Figure 2 shows one version of how an organisation may combine their available spectroscopic systems, data processing tools and an SDMS to get close to what the chromatographers’ can boast is available out-of-the-box from several vendors in their space.

In a corporate environment one of the problems may well be incompatibilities between the laboratory PC infrastructure, due to the reliance on increasingly ageing spectrometer control systems and the demand to continually update to the latest operating systems. This is mainly driven by security reasons for all computers on the main corporate network. One workaround shown in Figure 2 is the introduction of segregation of the laboratory network from the corporate office network by a firewall. This adds another, although not insurmountable, level of complication to an integrated solution.

Although many spectrometer control packages now come with varying levels of complexity in the in-built data processing, many analysts have their own personal preferences when it comes to advanced spectroscopic data processing, chemometric analysis or the use of particular reference database solutions. Maintenance update releases and security patches of these systems usually have no problems in remaining compliant with corporate IT policy so are usually found deployed on the normal corporate network.

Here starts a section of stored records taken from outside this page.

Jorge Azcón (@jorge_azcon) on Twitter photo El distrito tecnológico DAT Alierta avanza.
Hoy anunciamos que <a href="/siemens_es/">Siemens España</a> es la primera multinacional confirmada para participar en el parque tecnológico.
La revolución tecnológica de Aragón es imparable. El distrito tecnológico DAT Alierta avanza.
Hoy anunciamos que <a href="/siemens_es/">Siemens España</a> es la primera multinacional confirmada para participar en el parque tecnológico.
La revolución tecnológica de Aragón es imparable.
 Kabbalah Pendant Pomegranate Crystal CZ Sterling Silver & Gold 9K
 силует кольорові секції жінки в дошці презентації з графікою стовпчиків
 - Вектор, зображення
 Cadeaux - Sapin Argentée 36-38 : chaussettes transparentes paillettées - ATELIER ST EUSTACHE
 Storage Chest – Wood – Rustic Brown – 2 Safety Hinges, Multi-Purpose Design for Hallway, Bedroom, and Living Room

If your organisation operates in a regulatory compliant space, there is probably little choice but to deploy an SDMS of some nature to meet the demands of the regulators around data integrity.

Conclusions

In conclusion it is possible for a spectroscopic environment to mimic the functionality available to our brother and sister chromatographers, but we are still required to deploy a highly fragmented—and therefore vulnerable solution if we are to get close to what they have at their fingertips. I suppose hope is on the horizon with the introduction of hyphenated instrument support to recent CDS releases… but do we really want to be told by chromatographers how we need to work?

References

  1. M. Fiege, S. Harkai, D. Weigel, M. Pütz, H. Meyer, H. Pritzke, S. Neuberger, C. Neusüß, E. Woltmann, C. Huhn, A. Bogomolov, B. Fählerh and K. Schürmann, “Automated detection of counterfeit drugs using multimodal spectroscopy and advanced web-based software platforms”, Spectrosc. Europe 27(4), 19–23 (2015). http://bit.ly/1O81Whv
Figure 2. Potential for a Spectroscopic Data System—still a bit of a mess!